Acompañará a la imagen que es llevada en andas por sus devotos por las calles dalienses y a su regreso, cuando se acerque nuevamente al templo, entonces parecerá que las entrañas mismas de la tierra estallan. El ocre del humo y el rojo de las detonaciones forman una cortina casi imposible de traspasar. En ese momento Dalías parece estar viviendo su propio cataclismo.


EL MILAGRO DEL CRISTO DE LA LUZ

Nos detuvimos a almorzar en la Fonda Amalia y mientras degustábamos unas sabrosas migas y una ‘fritá’ de pimientos, Rosalía Fernández Gómez dejó por un momento su trabajo como anfitriona, para contarnos sobre aquella fiesta trágica.

No se supo, nos dice, si fueron las tantísimas velas encendidas que sofocaban el ambiente al cerrarse las puertas del templo o si uno de los muchos cohetes tuvo la culpa de lo sucedido.

Y Rosalía recuerda aquella trágica noche en la que la iglesia quedó destruida por el fuego. La gente ya descansaba después de la fiesta cuando unos jóvenes que pasaban por allí vieron que la iglesia estaba en llamas.

Llamaron al sacerdote que por la ventana, mientras se vestía y bajaba, les tiró las llaves de la puerta por donde los jóvenes entraron para tratar de salvar su tesoro más preciado: la talla del Cristo de la Luz.

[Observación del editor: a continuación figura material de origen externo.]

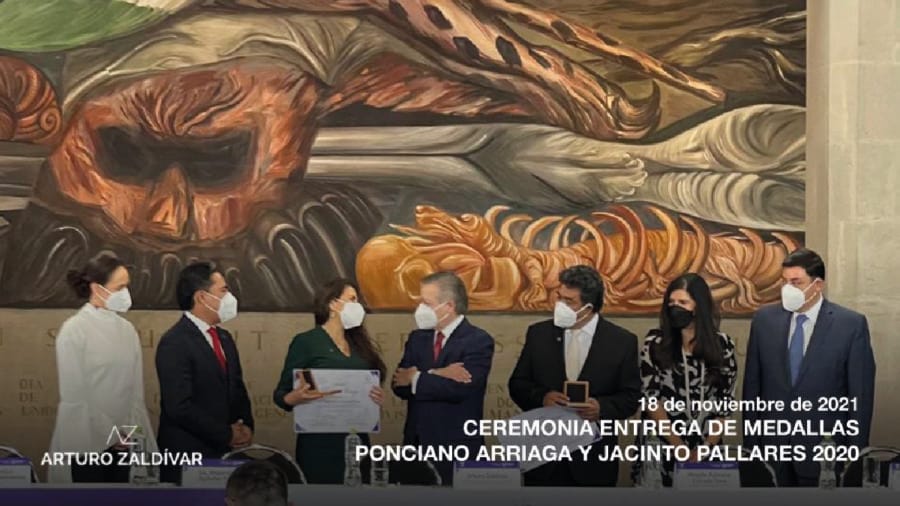 entrega medallas ponciano arriaga jacinto pallares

El altar ya había comenzado a arder y, quemándose las manos, aquellos dalienses se esforzaban por descolgar la pesada imagen. Cuando lo lograron fue cuando ocurrió el milagro, porque no de otra forma podemos entender lo que sucedió.

Los jóvenes, llevando al Cristo de la Luz en vilo llegaron a la puerta del templo y estaban saliendo del mismo cuando se desplomó el techo en llamas.

Todo el pueblo estábamos allí, yo como la mayoría en ropa de dormir… vinieron los bomberos, la gente ayudaba a apagar el fuego… Rosalía se emociona al contarnos los detalles pero sonríe cuando le pedimos que pose junto a la imagen del Cristo que ocupa un lugar importante en el comedor.


CELÍN, EL CORTIJO DE DALÍAS

De Dalías, casi sin dejar una llegamos a la otra, estamos en Celín.

La población de Celín es pequeña, una cortijada de Dalías y así como en la primera destacamos entre los sitios para no omitir en una visita la iglesia parroquial en ésta, no podemos dejar de acercarnos al Templo Parroquial de San Miguel, construido en el siglo XVIII.

Las pocas cuadras que concentran a la población parecen desaparecer entre plantaciones, unas al aire libre, otras bajo plástico. Por calles angostas y desparejas subimos en busca del agua. Esa agua que en esta zona se deja canalizar y cae, corre con fuerza y se desliza en acequias de regadío.

Aquí, el agua tan deseada a pocos kilómetros canta una canción de vida.

Desandamos el camino y, ya de regreso, al pasar por Dalías nos detenemos frente a la Fuente de los Deseos. ¿El nuestro?, regresar, vivir su fiesta, disfrutar de su gastronomía y de la sencilla afabilidad de su gente.